1febaec verified 5 months ago

3.44 kB

	---
	license: mit
	base_model: answerdotai/ModernBERT-base
	tags:
	- modernbert
	- entity-infilling
	- text-summarization
	- masked-modeling
	- pytorch
	library_name: transformers
	datasets:
	- cnn_dailymail
	model-index:
	- name: Glazkov/sum-entity-infilling
	results:
	- task:
	type: entity-infilling
	name: Entity Infilling
	dataset:
	name: cnn_dailymail
	type: cnn_dailymail
	metrics:
	- name: Entity Recall
	type: entity_recall
	value: TBD
	---

	# Glazkov/sum-entity-infilling

	This model is a fine-tuned version of [answerdotai/ModernBERT-base](https://huggingface.co/answerdotai/ModernBERT-base) trained on the [cnn_dailymail](https://huggingface.co/datasets/cnn_dailymail) dataset for entity infilling tasks.

	## Model Description

	The model is designed to reconstruct masked entities in text using summary context. It was trained using a sequence-to-sequence approach where the model learns to predict original entities that have been replaced with `<mask>` tokens in the source text.

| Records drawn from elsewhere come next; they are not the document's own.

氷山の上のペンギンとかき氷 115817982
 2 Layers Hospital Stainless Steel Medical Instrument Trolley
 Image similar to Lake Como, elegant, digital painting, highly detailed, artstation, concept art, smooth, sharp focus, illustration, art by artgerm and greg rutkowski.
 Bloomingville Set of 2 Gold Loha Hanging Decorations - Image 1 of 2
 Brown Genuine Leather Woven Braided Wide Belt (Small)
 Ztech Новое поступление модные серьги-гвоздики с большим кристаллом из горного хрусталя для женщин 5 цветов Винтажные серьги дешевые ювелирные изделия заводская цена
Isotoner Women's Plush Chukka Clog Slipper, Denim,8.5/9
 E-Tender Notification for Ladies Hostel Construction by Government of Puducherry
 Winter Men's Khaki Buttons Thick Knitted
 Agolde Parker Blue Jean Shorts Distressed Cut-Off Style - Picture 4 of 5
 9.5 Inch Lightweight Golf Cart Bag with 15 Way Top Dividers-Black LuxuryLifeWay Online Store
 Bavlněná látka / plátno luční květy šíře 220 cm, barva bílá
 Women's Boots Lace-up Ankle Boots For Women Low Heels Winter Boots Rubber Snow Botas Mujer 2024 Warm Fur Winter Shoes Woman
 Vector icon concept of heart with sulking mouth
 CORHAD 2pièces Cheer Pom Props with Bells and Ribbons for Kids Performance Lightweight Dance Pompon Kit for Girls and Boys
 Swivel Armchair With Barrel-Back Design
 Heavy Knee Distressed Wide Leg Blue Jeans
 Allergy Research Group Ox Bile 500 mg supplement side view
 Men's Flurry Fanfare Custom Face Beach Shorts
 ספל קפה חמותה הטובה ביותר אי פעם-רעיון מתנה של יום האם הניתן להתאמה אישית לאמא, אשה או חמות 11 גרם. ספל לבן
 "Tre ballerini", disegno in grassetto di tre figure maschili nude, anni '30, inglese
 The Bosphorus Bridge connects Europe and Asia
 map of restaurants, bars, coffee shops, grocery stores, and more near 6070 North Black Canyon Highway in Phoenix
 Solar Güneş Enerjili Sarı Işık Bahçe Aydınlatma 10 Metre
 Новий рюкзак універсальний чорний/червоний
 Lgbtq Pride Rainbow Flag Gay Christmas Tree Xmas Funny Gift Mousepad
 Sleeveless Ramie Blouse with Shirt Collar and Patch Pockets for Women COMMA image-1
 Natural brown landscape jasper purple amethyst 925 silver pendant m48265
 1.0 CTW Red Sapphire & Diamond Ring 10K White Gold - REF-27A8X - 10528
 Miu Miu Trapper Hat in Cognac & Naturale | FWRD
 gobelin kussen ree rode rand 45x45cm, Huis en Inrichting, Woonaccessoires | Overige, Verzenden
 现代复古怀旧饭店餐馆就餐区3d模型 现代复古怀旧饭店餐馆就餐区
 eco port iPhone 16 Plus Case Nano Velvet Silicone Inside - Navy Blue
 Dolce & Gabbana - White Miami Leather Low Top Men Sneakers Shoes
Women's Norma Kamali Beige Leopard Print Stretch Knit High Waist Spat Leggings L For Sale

	## Intended Uses & Limitations

	Intended Uses:
	- Entity reconstruction in summarization
	- Text completion and infilling
	- Research in masked language modeling
	- Educational purposes

	Limitations:
	- Trained primarily on news article data
	- May not perform well on highly technical or domain-specific content
	- Performance varies with entity length and context

	## Training Details

	### Training Procedure


	### Evaluation Results
	The model was evaluated using entity recall metrics on a validation set from the CNN/DailyMail dataset.

	Metrics:
	- Entity Recall: Percentage of correctly reconstructed entities
	- Token Accuracy: Token-level prediction accuracy
	- Exact Match: Full sequence reconstruction accuracy

	## Usage

	```python
	from transformers import AutoTokenizer, AutoModelForMaskedLM
	from src.train.inference import EntityInfillingInference

	# Load model and tokenizer
	tokenizer = AutoTokenizer.from_pretrained("your-username/Glazkov/sum-entity-infilling")
	model = AutoModelForMaskedLM.from_pretrained("your-username/Glazkov/sum-entity-infilling")

	# Initialize inference
	inference = EntityInfillingInference(
	model_path="your-username/Glazkov/sum-entity-infilling",
	device="cuda" # or "cpu"
	)

	# Example inference
	summary = "Membership gives the ICC jurisdiction over alleged crimes..."
	masked_text = "(<mask> officially became the 123rd member of the International Criminal Court..."

	predictions = inference.predict_masked_entities(
	summary=summary,
	masked_text=masked_text
	)
	```

	## Training Configuration

	This model was trained using the following configuration:
	- Base Model: answerdotai/ModernBERT-base
	- Dataset: cnn_dailymail
	- Task: Entity Infilling
	- Framework: PyTorch with Accelerate
	- Training Date: 2025-10-17

	For more details about the training process, see the [training configuration](training_config.txt) file.

	## Model Architecture

	The model uses ModernBERT architecture with:
	- 12 transformer layers
	- Hidden size: 768
	- Vocabulary: Custom with `<mask>` token support
	- Maximum sequence length: 512 tokens

	## Acknowledgments

	- [Hugging Face Transformers](https://github.com/huggingface/transformers) for the model architecture
	- [CNN/DailyMail dataset](https://huggingface.co/datasets/cnn_dailymail) for training data
	- [Answer.AI](https://huggingface.co/answerdotai) for the ModernBERT base model

	## License

	This model is licensed under the MIT License.